If you enable this channel, the http_listener_allowed_clients option must be set to reflect the set of hosts or subnets you expect to receive data from via this transport. (Information about the calling client must be passed along to Bronx by the fronting web server [i.e., Apache HTTP Server in GroundWork 7, NGINX in GroundWork 8]. So the fact that Bronx is listening only on a localhost network interface [as specified by http_listener_ipv4_hostname] and only accepting direct socket connections from the web server acting as a reverse proxy [as specified by http_listener_allowed_peers] does not preclude it from accepting data from your GDMA clients.
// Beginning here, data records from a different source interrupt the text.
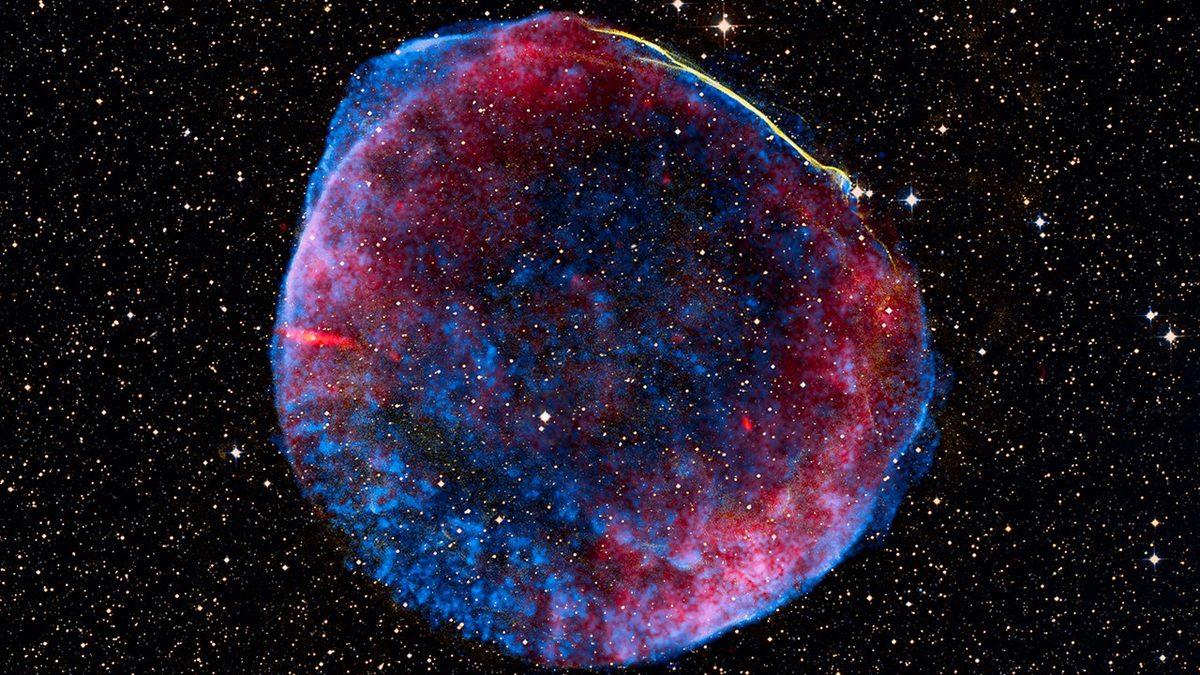 Aşk Acısı mısın: Bir Yıldızı İçinden Yiyen Kara Delik Keşfedildi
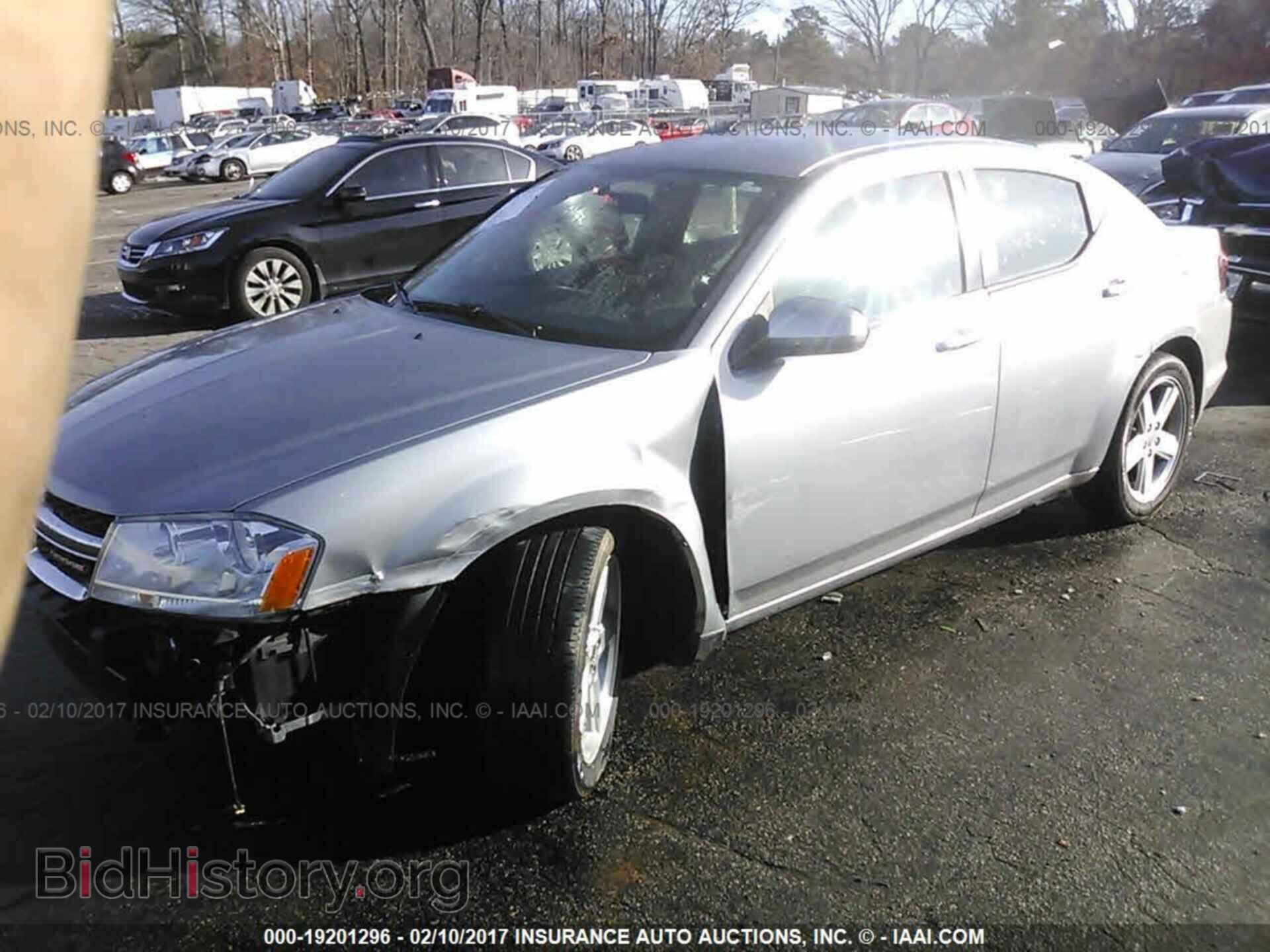 2013 Dodge Avenger - VIN: 1C3CDZCB6DN662357 - Photo 2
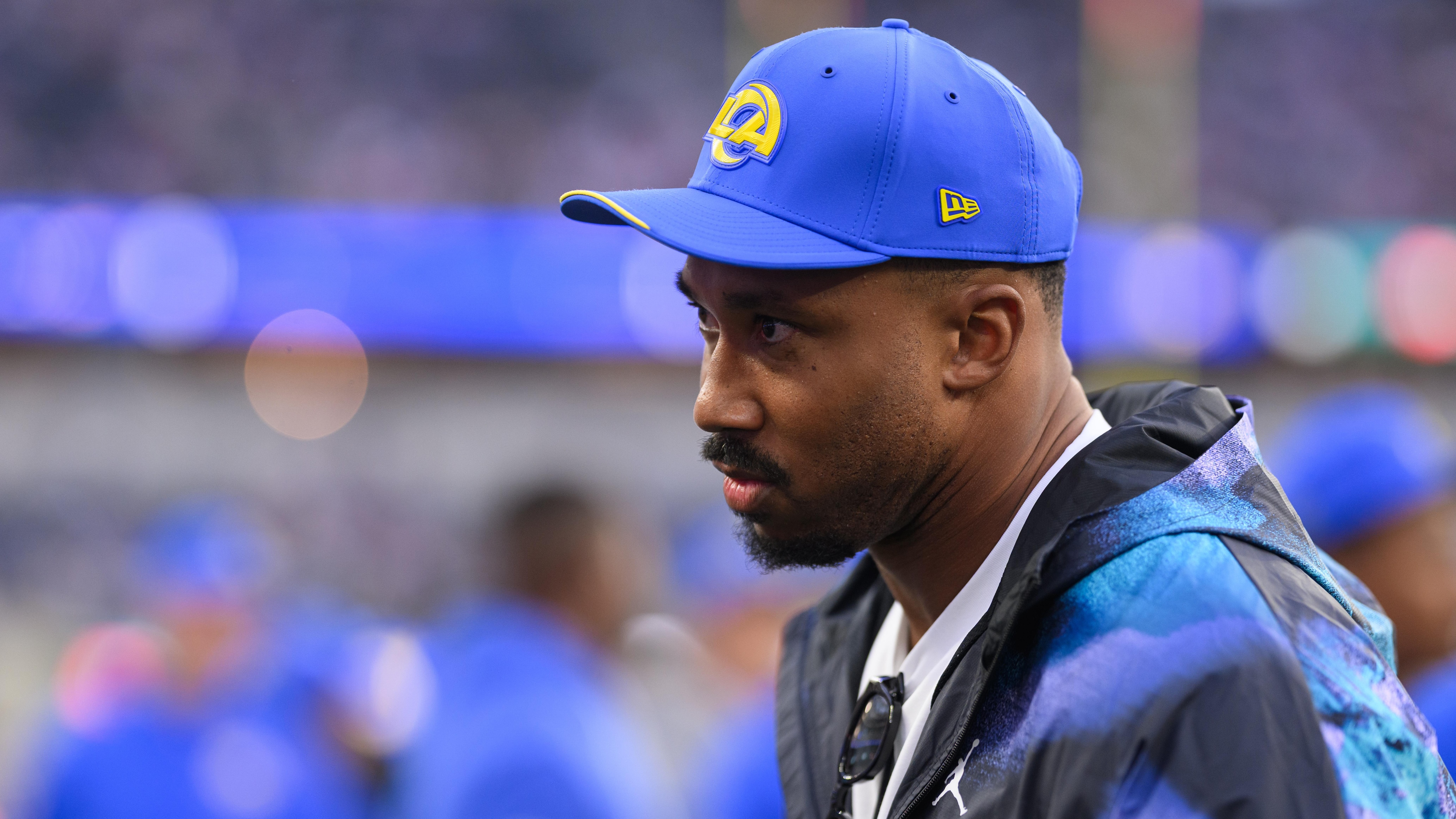 Myles Garrett's Sideline Tracksuit Draws NFL Warning, No Fine for Rams Star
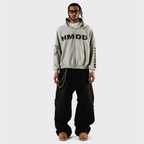 HMDD Hoodie Grey Chimstone Zip Up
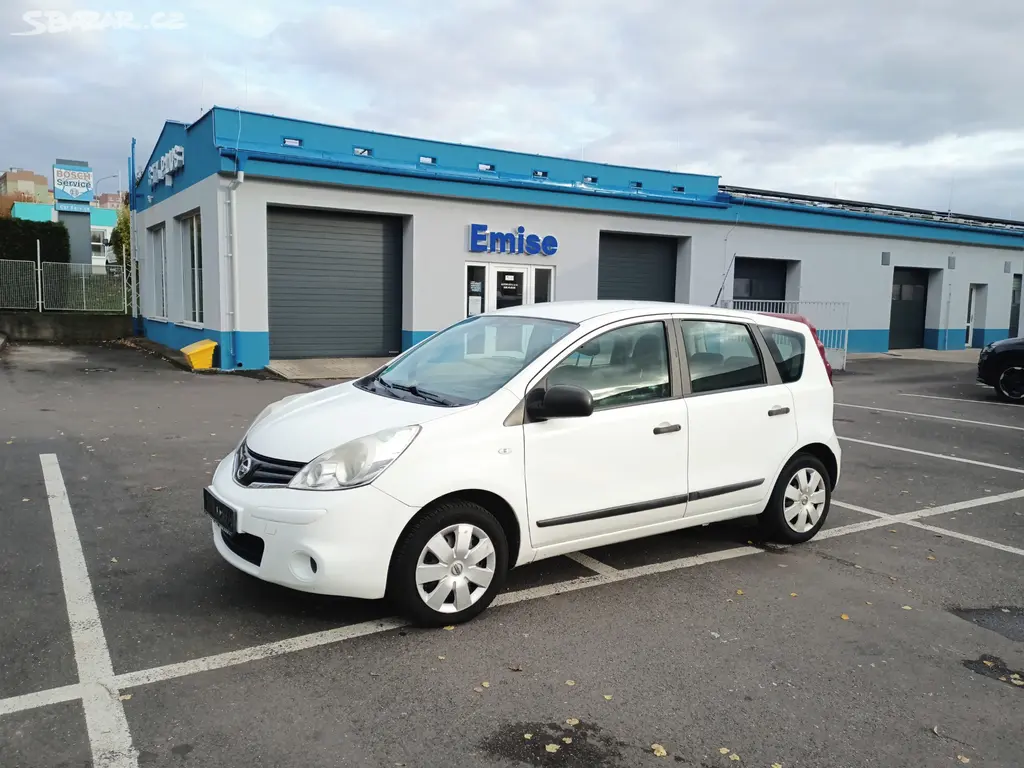 Nissan Note 1,4/65 KW PURE DRIVE - Webasto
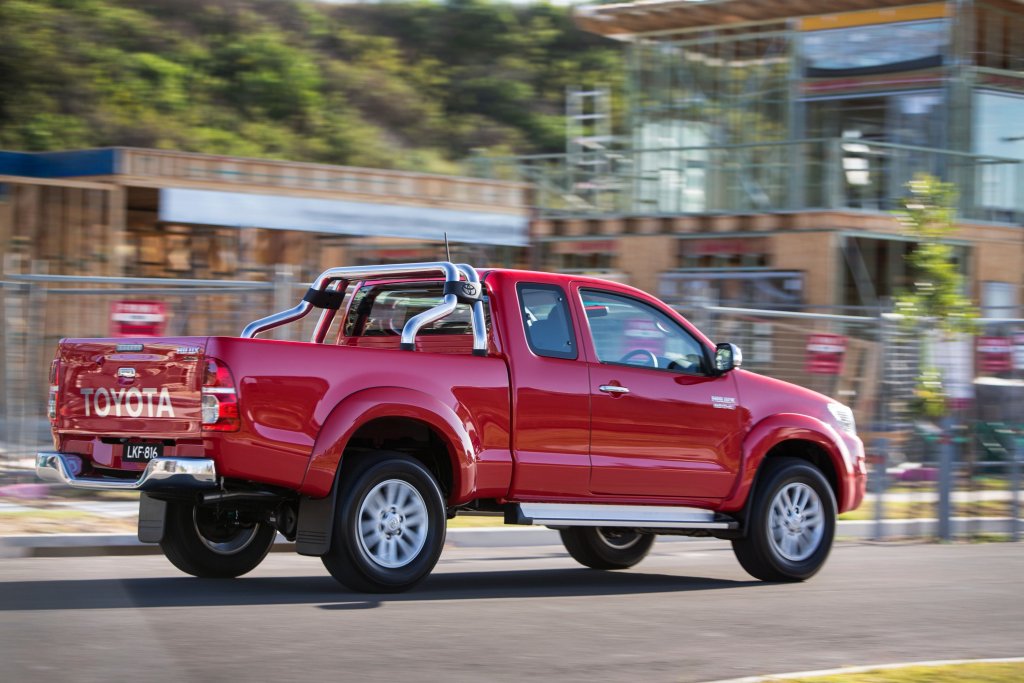Toyota Hilux X-Cab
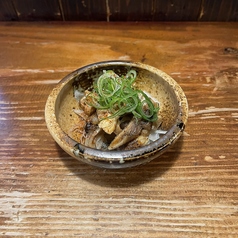 鶏皮ぽん酢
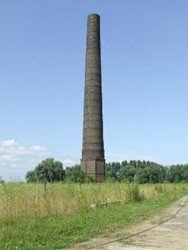 schoorsteen steenfabriek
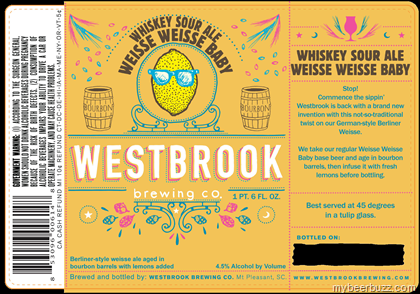Westbrook Brewing – Bourbon Barrel-Aged Oud Bruin, Whiskey Sour Ale, 5th Anniversary Stout, Siberian Black Magic Panther and Brett & Mo’ Mices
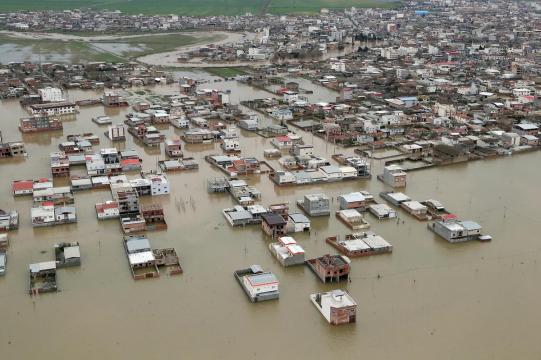 Iran calls emergency in flood-threatened southwest province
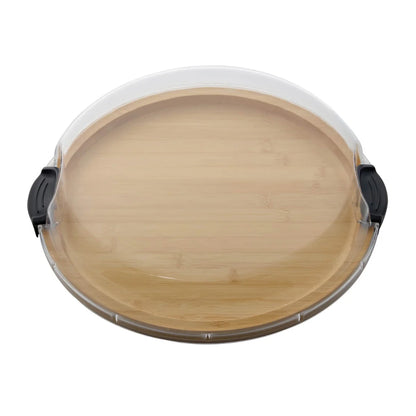 Farberware Build a Board - Round Serving Board With Lid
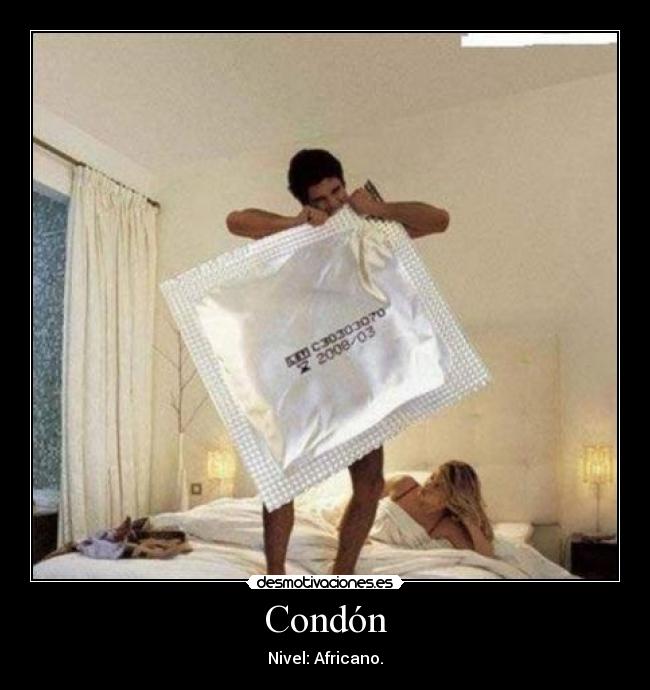Condón - Nivel: Africano.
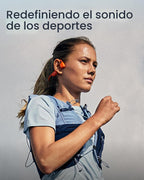 SHOKZ OpenRun Pro 2 Auriculares deportivos Bluetooth con conducción...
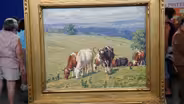 Appraisal: 1927 Edward Volkert "Avon Hills Pasture" Oil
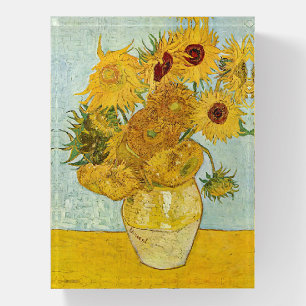 Vincent Van Gogh - Vase with Twelve Sunflowers Paperweight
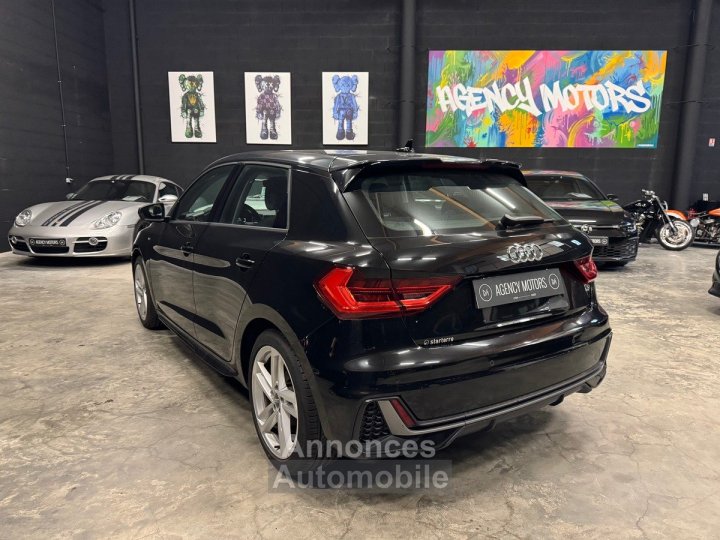 Audi A1 Sportback II 30 TFSI S‑Line 116 ch *1ere main / CarPlay* - 3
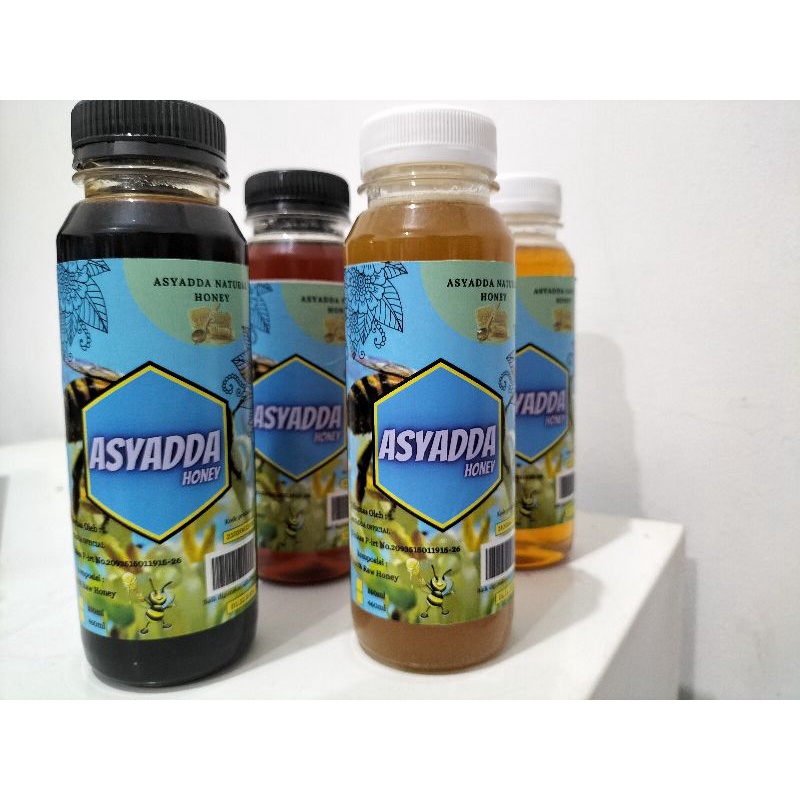 

Raw Honey Madu Asli Murni Multiflora 350gram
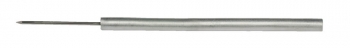 Mount Pin, Straight, With Aluminum Handle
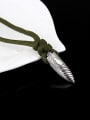 thumb Stainless Steel With Gun Plated Personality Bullet Necklaces 2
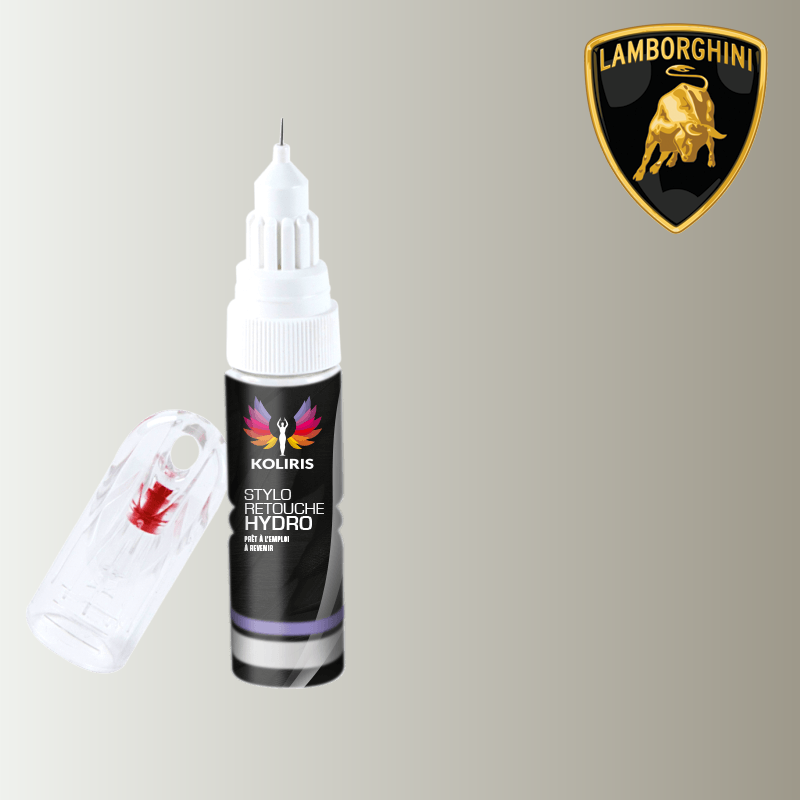 Stylo retouche peinture voiture Lamborghini 20ml - Carenciel.pro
It just means that there must be some intermediary process on the GroundWork server, namely the web server, that passes along each request.) If you change the port number in the http_listener_port option in GroundWork 7, you must also change it in the ProxyPass directive in the /usr/local/groundwork/apache2/conf/groundwork/bronx_httpd.conf file.

The http_thread_pool_size is set to a fairly low number, but this should be adequate even for large numbers of GDMA clients reporting in. Each thread can manage many concurrent incoming requests. Bumping up this number arbitrarily is discouraged, partly because there is currently a fairly heavy per-thread memory overhead in the allocation of thread stacks, at least in terms of virtual memory allocation.

For simplicity in initial setup, the http_listener_allowed_clients value is pre-set to allow client data submissions from all the standard private IPv4 networks. You may tune this as desired. IPv6 addresses and CIDR blocks are also supported.

New Apache setup

The new file noted in this section is provided and automatically installed by the rollup patch for GroundWork Monitor 7.2.1.

For GroundWork 7 installs, a new file is provided:

/usr/local/groundwork/apache2/conf/groundwork/bronx_httpd.conf

You simply need to put this file in place, owned by nagios:nagios and with 644 permissions, and then bounce Apache to pick up the revised configuration:

service groundwork restart apache


GDMA client configuration settings

To have a GDMA 2.7.0 or later client send data via HTTP/S, the GDMA client's Spooler_Transport option must be set to "HTTP" instead of "NSCA". A GUI-mode or text-mode installation will prompt for this setting. An unattended-mode installation can use the ‑‑gdma_spooler_transport command-line option, which can be set to either http or nsca.

Sending in check results via HTTP/S uses the Auto_Register_User and Auto_Register_Pass credentials, so those must be set as well. For unattended installs, see the ‑‑gdma_autoregistration_username and ‑‑gdma_autoregistration_password options.

The ‑‑gdma_auto_configuration <gdma_auto_configuration> installer command-line option, or its equivalent setting in an option file or in responses to text-mode or UI-mode installation prompts, ends up adjusting the Auto_Register_Attempts and Enable_Auto_Setup options in the installed gdma/config/gdma_auto.conf file.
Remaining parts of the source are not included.